» **Your goal**
Drop every picture, then transcribe the remaining data exactly.

» **Stored data**
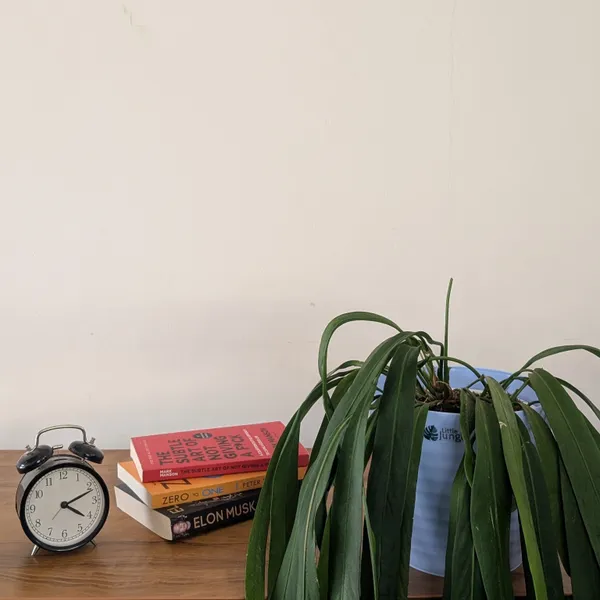 Decor_8_Blue_Pots_(Pack_Of_4)_(Plants_Not_Included)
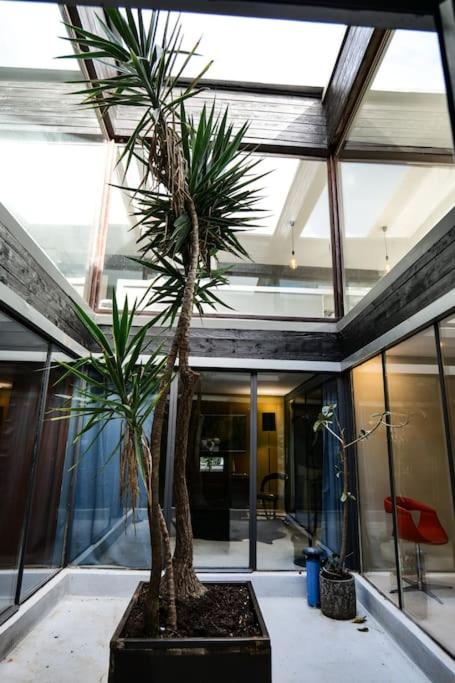Grand loft proche du centre avec jardin et piscine - Villa - 44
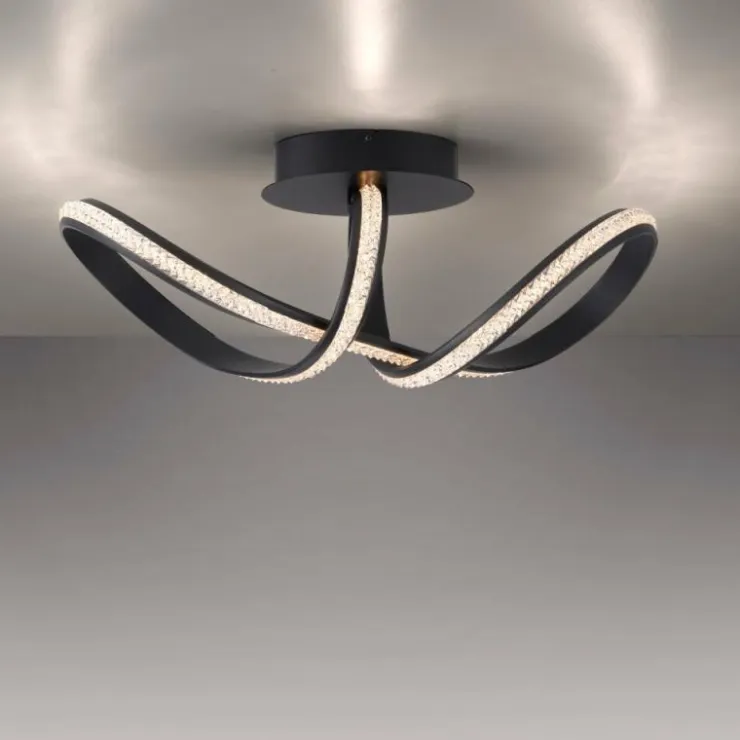 Luminaires Paul Neuhaus Éclairage Led|Plafonnier Paul Neuhaus BRILLA LED Noir, 1 lumière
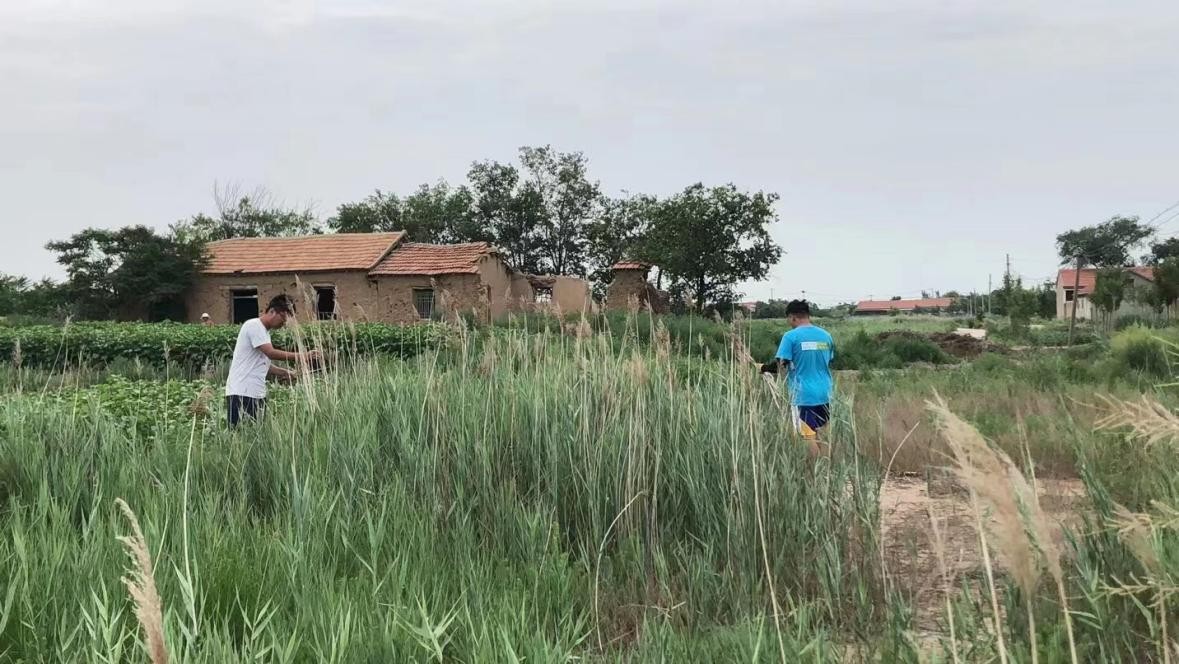 山理工“文心绘龙”实践团：立体墙绘初显规模，关心乡村留守现状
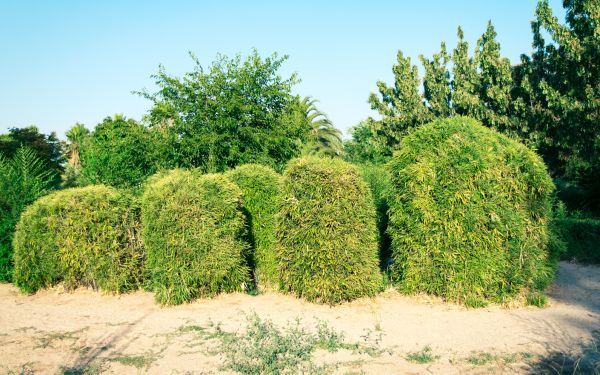 Bamboo Hedge Removal in Joplin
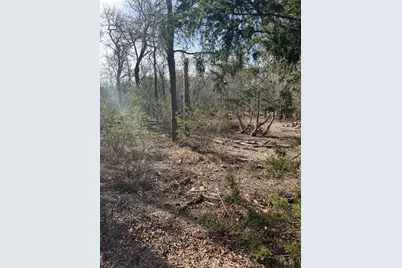 157 E Keanahalululu Lane, Bastrop, TX 78602 - Photo 5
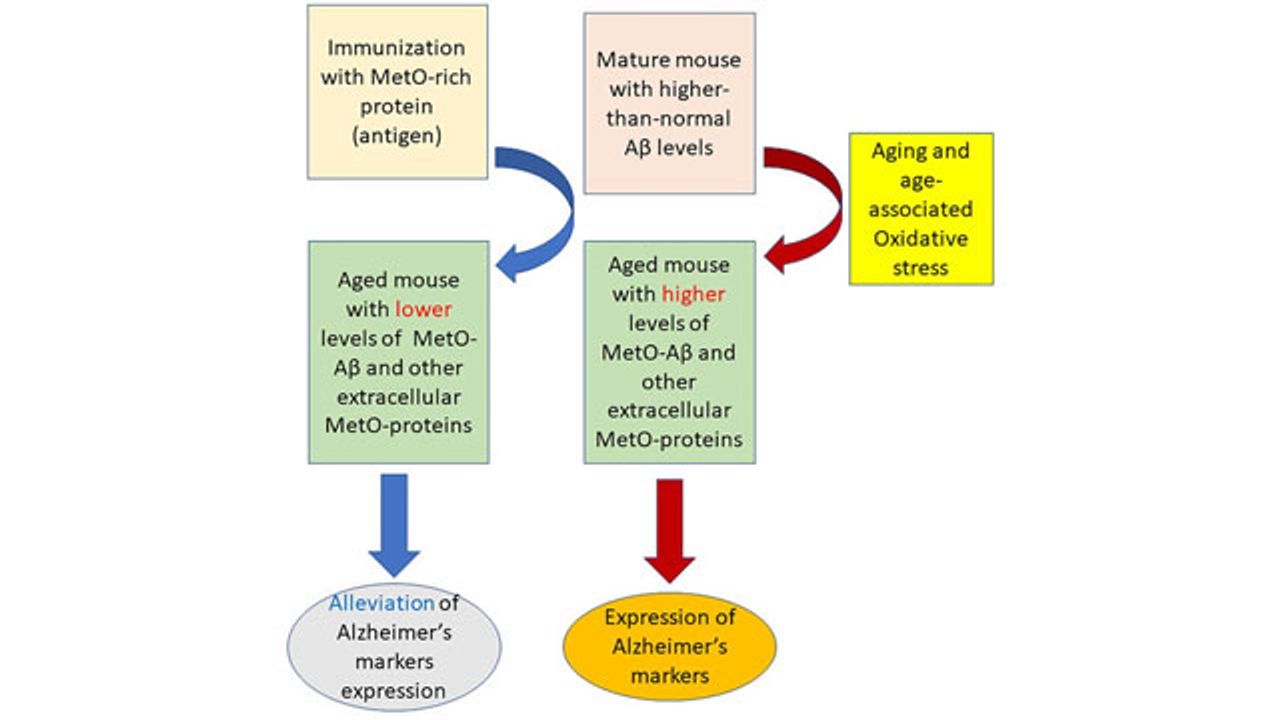 Immunizing the Brain Against Alzheimer's Boosts Mouse Memory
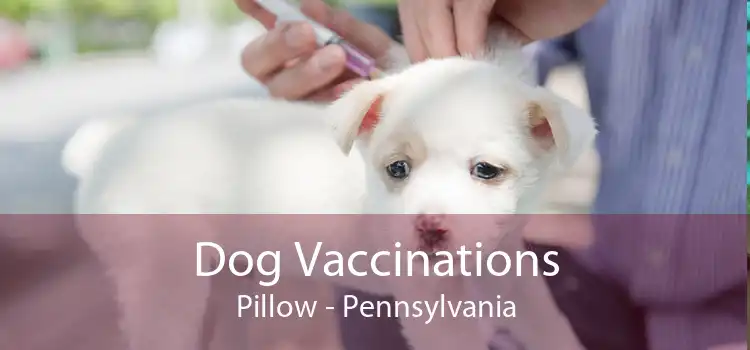 Dog Vaccinations Pillow - Pennsylvania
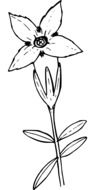 painted flower in the shape of a star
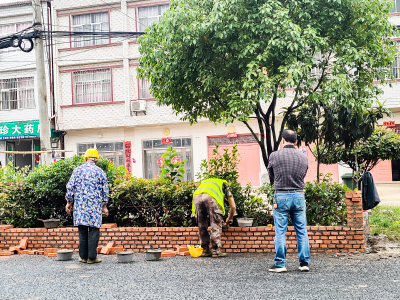 孛畈镇：修砌花坛 提升人居环境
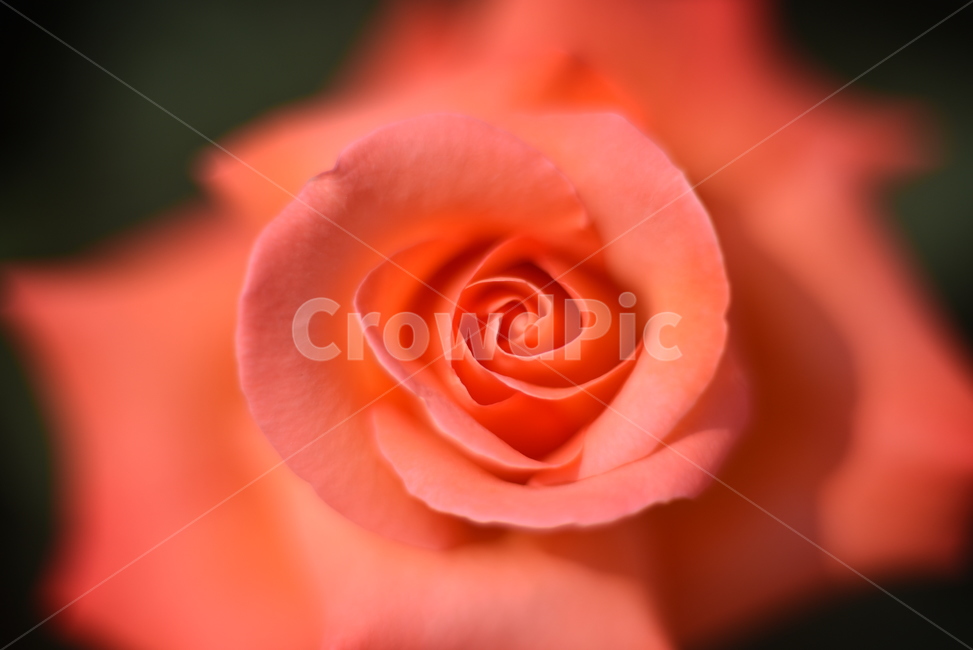 장미,접사,rosaceae,장미과,장미꽃,덩굴식물,관목,식물,자연,plants,nature,꽃,flower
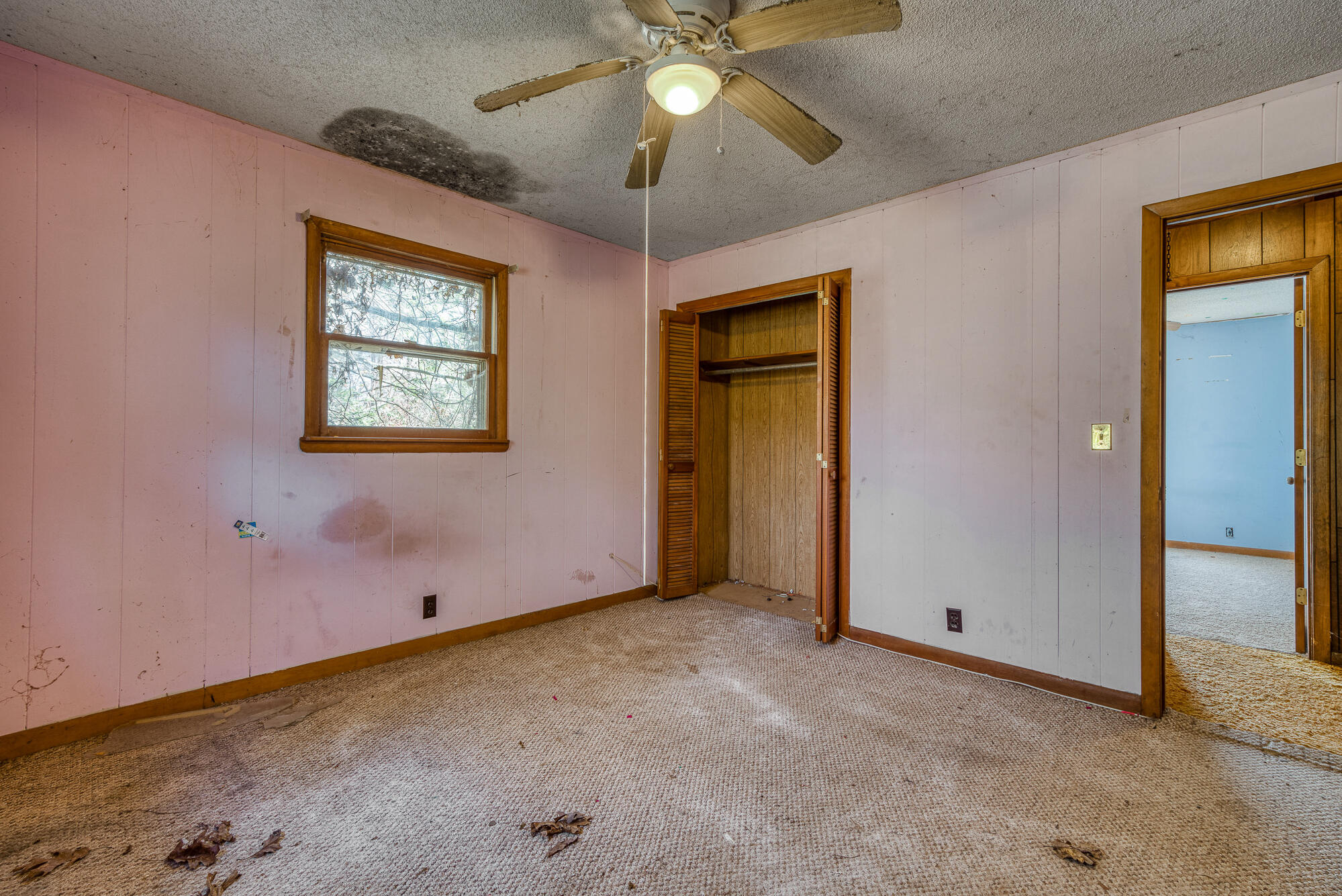 408 Roller Mill Road Shady Valley, TN 37688 - Photo 23 of 54 408RMR_DSC09214-19-19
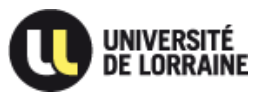 logo Université de Lorraine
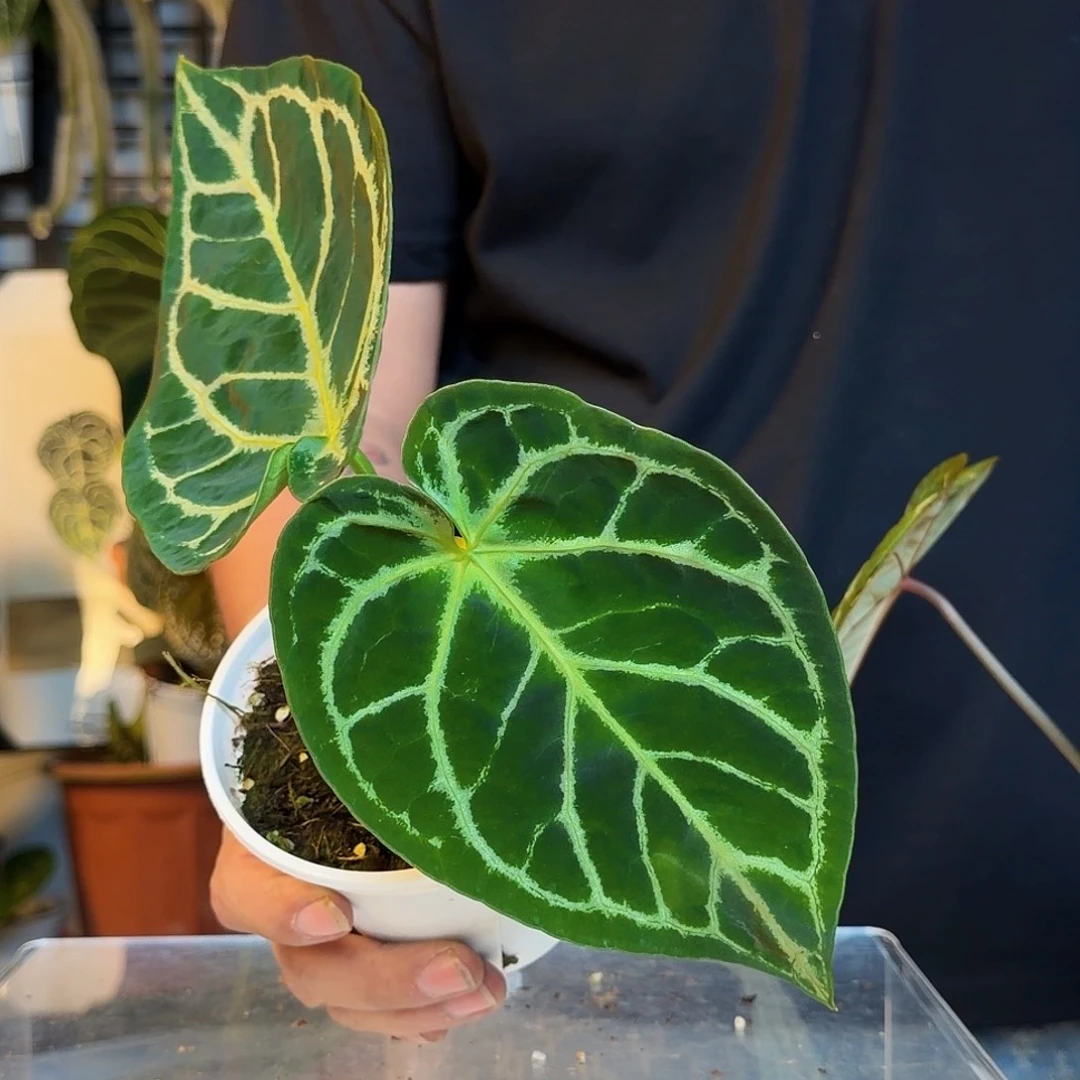 完全开放狂战士杂铜锣烧C196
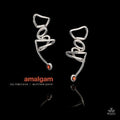 Perelman,ivo / Shipp,matthew - Amalgam - Music CD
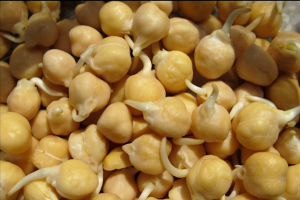 Sprouted chickpeas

» **Output**
 Decor_8_Blue_Pots_(Pack_Of_4)_(Plants_Not_Included)
Grand loft proche du centre avec jardin et piscine - Villa - 44
 Luminaires Paul Neuhaus Éclairage Led|Plafonnier Paul Neuhaus BRILLA LED Noir, 1 lumière
 山理工“文心绘龙”实践团：立体墙绘初显规模，关心乡村留守现状
 Bamboo Hedge Removal in Joplin
 157 E Keanahalululu Lane, Bastrop, TX 78602 - Photo 5
 Immunizing the Brain Against Alzheimer's Boosts Mouse Memory
 Dog Vaccinations Pillow - Pennsylvania
 painted flower in the shape of a star
 孛畈镇：修砌花坛 提升人居环境
 장미,접사,rosaceae,장미과,장미꽃,덩굴식물,관목,식물,자연,plants,nature,꽃,flower
 408 Roller Mill Road Shady Valley, TN 37688 - Photo 23 of 54 408RMR_DSC09214-19-19
 logo Université de Lorraine
 完全开放狂战士杂铜锣烧C196
 Perelman,ivo / Shipp,matthew - Amalgam - Music CD
 Sprouted chickpeas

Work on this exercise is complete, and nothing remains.